Robert Fludd

1574 – 1637

The son of a treasurer of war for Queen Elizabeth, Robert Fludd rose to prominence in his time as a Paracleasian physiologist and as an astrologer; a prolific prolific body of Hermetic work includes not just written theses, but his own illustrations as well.

Fludd believed in a cosmogony based on the three principles of Paracelsus; light (the soul, from which comes sulphur), darkness (the prima materia, from which comes salt), and water (the spirit, from which comes mercury). He sought to harmonize various principals of mysticism with the scientific theories of his era.

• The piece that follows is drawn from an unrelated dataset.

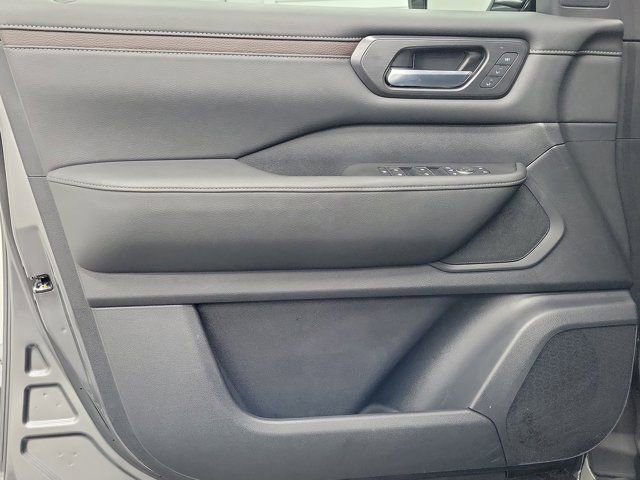 Certified 2025 Nissan Armada SL RWD image 18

In his infamous volume written in defense of the Rosicrucians, Fludd tried to detach occult stigma from Aristotelian and Cartesian philosophy, but due to his Hermetic and esoteric associations, he wasn’t really the guy for the job.

Robert Fludd decried the natural sciences, and when Johannes Kepler criticized his theosophical theory of Cosmic Harmony (in Harmonice Mundi, 1619), Fludd attempted, unsuccessfully, to convince Kepler that there were deeper truths in the world than could be observed or solved with mathematics.

Initially educated at Oxford, Fludd’s antagonism of natural scientists resulted in at least six rejections from the College of Physicians, although he would eventually be admitted and became a fellow. He found acclaim for his work therein, and, afterwards, his popularity as a philosopher would lead him to serve as a Member of Parliament.